В полдень город обедает. В последний раз едят монахи — им больше нельзя будет есть до завтрашнего рассвета. Они сели в кружок вокруг низенького стола и молча помногу едят под взглядами будд — статуи их стоят в рядок у стены общей комнаты. Опустел комиссариат. И англичане и бирманские клерки разошлись по домам. Время ленча и отдыха. Фокусник с астрологом сидят а китайском ресторанчике. Крестьяне едят в тени высоких арб. Ребятишки, прибежав из монастырской школы, тоже подкрепляются рисом и зеленью.

А к вечеру разъезжаются из города крестьяне, на площади у грубо сколоченной сцены зажигаются масляные плошки. Приезжая труппа начинает представление Рамаяны. До глубокой ночи на сцене будут танцевать волшебники, красавицы и царь обезьян. Английские чиновники кончили ежевечерний теннис и теперь, приняв душ, отправляются на ежевечерний бридж к мистеру Стоуну. Полицейский покинул свой пост под деревом.

Ушло солнце. В кустарнике, за полями, затявкали шакалы и цикады гудят так, что перекрывают оркестр на площади.

Идет ночь, с громадными звездами, мельканием крыльев летучих мышей и летучих собак и шепотом привидений в развалинах старого монастыря. А может, это шепот влюбленных…

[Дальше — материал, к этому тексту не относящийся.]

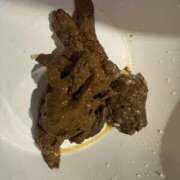 ヒメ日記 2025/06/23 12:34 投稿 ひまり 排泄マニア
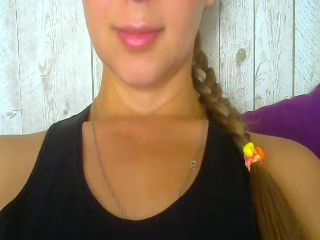 Eva_Hotty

Таким был городок Натмаук в начале этого века. Самый обыкновенный бирманский городок. Но жители его знали, что он не совсем обыкновенен. Ведь отсюда родом Зологой Яун. И здесь, правда об этом никто еще не знает, здесь родится Аун Сан.

4

Адвокат У Хпа, племянник Золотого Яуна, был адвокатом только по названию. В самом деле, он не имел клиентов, а проводил время в молитвах и размышлениях. Чаще всего У Хпа можно было отыскать в ближайшем монастыре, где он предавался долгим философским беседам с его преосвященством саядо У Тобита, настоятелем монастыря и учителем натмаукской монастырской школы.

Семья и хозяйство оставались полностью на попечении До Су, его жены. А семья была немалой: четверо сыновей и двое дочерей. Причем старший уже кончал школу, а младший — младший только что родился. Это событие отпраздновали 13 февраля 1915 года. Сына назвали Тейн Лином, что значит пo-бирманскн «яркий». Но случилось так, что имя Тейн Лин придумал отец, посоветовавшись с приезжим астрологом. В сочетании с положением звезд на 13 февраля это имя обещало наибольший успех в жизни самому молодому члену семейства У Хпа.

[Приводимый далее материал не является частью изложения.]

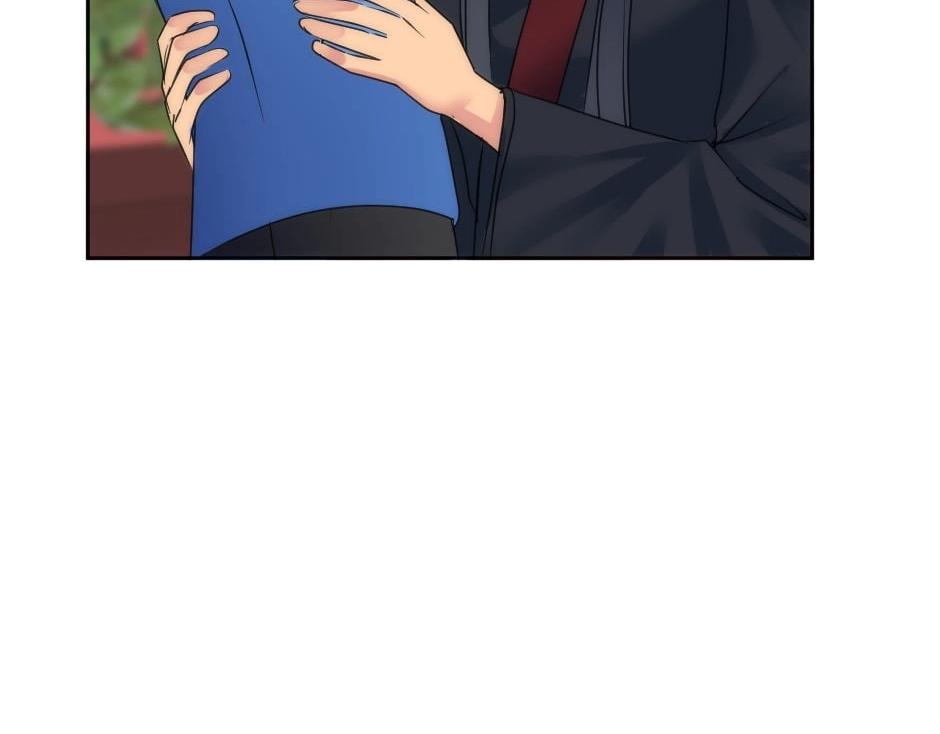 第145话 潜入(1/4)-第145话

До Су плохо себя чувствовала после родов и не знала о том, что отец придумал имя, не посоветовавшись с ней. И как только она поднялась, то, пользуясь своей неограниченной властью в доме, немедленно переименовала сына. Назвала его Аун Саном, «получающим миллион» — миллион не в материальном смысле, не миллион рупий, а миллион благодеяний, миллион удач или миллион друзей. До Су двигало не упрямство. Имя она придумала сыну давно, еще полгода назад, и главной причиной, почему она хотела назвать его Аун Сан, было то, что такое имя рифмовалось с именем ее старшего сына — Аун Тана.